In a big backdown, the Government is to rewrite its controversial local government amendment legislation.

The Bill would have allowed the Local Government Commission to impose so-called Council Controlled Organisations (CCOs) on local bodies.

The CCOs would be able to span several local bodies and cover things such as water or transport.

They would, in effect,  be mergers.

Local body after local body has told the Select  Committee considering the Bill that they opposed it.

At one point a whole delegation of Mayors attended a Select Committee meeting and sat silently in the room in testament to their opposition.

But the legislation has had support from some powerful Government allies such as Federated Farmers, the Chambers of Commerce and companies like Foodstuffs and Fulton Hogan.

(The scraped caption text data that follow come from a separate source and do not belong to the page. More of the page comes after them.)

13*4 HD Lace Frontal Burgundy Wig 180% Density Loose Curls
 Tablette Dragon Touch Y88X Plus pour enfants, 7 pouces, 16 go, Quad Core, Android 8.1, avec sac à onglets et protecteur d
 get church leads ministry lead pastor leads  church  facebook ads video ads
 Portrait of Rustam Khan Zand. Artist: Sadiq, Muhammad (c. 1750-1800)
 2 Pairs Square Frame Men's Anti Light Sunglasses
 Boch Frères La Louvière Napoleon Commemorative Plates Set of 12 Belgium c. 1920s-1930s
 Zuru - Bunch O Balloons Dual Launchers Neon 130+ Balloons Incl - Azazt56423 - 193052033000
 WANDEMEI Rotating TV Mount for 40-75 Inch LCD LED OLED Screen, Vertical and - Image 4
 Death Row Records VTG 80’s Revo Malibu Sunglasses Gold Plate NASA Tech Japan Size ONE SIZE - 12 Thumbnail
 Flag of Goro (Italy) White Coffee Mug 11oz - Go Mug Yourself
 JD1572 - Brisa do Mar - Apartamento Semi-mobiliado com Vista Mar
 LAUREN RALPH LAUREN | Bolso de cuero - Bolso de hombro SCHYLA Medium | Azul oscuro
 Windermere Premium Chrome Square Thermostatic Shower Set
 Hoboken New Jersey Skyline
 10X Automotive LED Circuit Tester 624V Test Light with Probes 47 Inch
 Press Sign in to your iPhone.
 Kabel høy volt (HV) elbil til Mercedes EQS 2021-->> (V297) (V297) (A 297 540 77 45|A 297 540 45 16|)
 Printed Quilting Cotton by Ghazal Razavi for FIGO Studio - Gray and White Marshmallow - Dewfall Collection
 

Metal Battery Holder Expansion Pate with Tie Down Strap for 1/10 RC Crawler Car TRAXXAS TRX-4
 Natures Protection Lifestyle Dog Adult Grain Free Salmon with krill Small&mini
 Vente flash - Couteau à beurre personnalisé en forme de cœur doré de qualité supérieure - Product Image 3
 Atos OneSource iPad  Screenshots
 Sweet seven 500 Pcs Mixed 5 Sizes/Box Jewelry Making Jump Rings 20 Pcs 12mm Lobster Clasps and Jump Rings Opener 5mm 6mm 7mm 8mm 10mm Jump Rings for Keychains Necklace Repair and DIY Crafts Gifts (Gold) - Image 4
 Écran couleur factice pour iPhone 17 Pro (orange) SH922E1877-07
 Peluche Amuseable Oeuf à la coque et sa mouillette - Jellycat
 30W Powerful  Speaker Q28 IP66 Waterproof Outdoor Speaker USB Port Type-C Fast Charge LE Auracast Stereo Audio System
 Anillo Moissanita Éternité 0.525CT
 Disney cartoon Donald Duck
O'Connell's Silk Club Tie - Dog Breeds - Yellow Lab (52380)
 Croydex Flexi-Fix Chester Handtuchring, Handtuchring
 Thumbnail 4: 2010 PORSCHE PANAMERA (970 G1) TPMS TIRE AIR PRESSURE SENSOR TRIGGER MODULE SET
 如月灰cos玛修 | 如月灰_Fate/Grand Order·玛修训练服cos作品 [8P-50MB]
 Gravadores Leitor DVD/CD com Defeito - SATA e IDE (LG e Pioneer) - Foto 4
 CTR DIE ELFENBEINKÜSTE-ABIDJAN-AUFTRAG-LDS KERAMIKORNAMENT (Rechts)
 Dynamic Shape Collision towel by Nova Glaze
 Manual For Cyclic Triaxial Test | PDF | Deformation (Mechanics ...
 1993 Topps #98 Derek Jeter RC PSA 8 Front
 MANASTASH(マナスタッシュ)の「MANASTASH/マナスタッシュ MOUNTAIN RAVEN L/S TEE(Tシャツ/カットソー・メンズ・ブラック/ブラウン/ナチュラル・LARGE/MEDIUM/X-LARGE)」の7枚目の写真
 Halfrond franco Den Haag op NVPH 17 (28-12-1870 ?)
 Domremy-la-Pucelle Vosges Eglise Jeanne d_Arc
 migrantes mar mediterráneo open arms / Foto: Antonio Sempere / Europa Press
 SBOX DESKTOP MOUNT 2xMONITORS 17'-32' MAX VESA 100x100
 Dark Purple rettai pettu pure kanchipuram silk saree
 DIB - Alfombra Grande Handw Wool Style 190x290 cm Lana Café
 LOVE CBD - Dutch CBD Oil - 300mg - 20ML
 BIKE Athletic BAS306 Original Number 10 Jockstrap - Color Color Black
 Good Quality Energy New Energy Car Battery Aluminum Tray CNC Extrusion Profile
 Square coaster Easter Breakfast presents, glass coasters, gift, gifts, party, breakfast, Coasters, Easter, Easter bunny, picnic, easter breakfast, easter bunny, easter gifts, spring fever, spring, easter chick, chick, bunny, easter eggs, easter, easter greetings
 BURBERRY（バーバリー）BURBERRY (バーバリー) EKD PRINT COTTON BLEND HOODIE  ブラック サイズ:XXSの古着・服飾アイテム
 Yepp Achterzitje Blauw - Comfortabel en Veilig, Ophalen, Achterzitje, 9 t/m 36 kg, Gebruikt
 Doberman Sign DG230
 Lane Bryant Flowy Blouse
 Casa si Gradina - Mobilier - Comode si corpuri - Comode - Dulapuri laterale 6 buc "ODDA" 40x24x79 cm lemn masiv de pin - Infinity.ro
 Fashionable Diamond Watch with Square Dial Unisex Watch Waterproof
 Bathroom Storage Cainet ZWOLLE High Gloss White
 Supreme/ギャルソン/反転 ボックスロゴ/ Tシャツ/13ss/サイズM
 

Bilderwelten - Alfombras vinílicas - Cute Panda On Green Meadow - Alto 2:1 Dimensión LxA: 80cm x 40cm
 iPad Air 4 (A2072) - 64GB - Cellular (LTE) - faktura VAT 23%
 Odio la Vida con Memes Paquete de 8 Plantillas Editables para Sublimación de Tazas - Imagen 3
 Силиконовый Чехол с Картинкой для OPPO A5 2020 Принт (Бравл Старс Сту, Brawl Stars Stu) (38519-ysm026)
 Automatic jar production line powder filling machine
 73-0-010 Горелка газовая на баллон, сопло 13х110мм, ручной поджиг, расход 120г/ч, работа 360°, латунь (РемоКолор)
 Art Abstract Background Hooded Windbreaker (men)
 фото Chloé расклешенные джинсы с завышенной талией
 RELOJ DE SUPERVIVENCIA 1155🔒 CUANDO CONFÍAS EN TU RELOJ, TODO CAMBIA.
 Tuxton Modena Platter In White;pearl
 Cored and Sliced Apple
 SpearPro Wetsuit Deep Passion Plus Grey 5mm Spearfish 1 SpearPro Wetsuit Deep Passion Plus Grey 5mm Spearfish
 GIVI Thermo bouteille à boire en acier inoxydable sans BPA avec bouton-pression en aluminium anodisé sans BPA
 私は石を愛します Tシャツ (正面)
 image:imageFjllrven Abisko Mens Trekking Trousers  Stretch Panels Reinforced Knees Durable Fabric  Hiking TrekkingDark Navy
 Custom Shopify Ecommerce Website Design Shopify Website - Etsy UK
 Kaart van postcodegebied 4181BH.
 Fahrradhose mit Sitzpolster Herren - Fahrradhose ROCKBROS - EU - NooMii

However, there has been a more measured response from one of the most influential lobby groups, the New Zealand Council for Infrastructure Development who, like many of the local body opponents, oppose the Local Government Commission being able to impose CCOs on Councils.

“While such an approach would address a key barrier to the use of CCOs in particular, we consider this measure to be inconsistent with democratic local decision making and an infringement upon the authority and integrity of local government.<” they say in their submission.

“We do not support the empowerment of the Local Government Commission to overrule elected local authorities.


“We consider options for shared services, CCOs and wider council restructuring must remain decisions for elected governing bodies – either central or local.

“When considering proposals for shared services and CCOs, councils should, in our view, have the option of either a local referendum or a vote across the governing body.”

It is surprising that a Bill which has attracted such widespread opposition, much of it from traditional National Party allies, would get through Cabinet and into the legislative system.

In that regard, it resembles the  Health and Safty legislation last year which also underwent a rewrite while it was in the Select Committee after opposition from within the National Party.

The Minister in Charge of the Bill, Sam Lotu Iiga announcing on Friday  that the Bill would now not have to emerge from the Select Committee until March next year put a glossy spin on the decision by saying that it was needed because  within the 200 submissions received by the Committee “many contain details which need to be worked through with officials to ensure they will work.”

Whilst many do contain comment on details within the Bill, almost have at their heart their opposition to the CCO proposals.

The Minister appeared to acknowledge this.

“I acknowledge some of the concerns raised by local government.,” he said.

“Solutions need to be found that promote local democracy, while ensuring better quality services and better value for ratepayers,”

He says the delayed report back will allow for further policy consideration and drafting changes to the Bill.

“I am committed to legislation that enables high quality, resilient and affordable infrastructure.

“We need regulations and services that benefit residents and communities.”

“The reforms will enable councils to more easily share resources and expertise to address current and emerging challenges.”

“I will be working with my colleagues and the sector over coming months to address concerns while still achieving the objectives of the reforms.”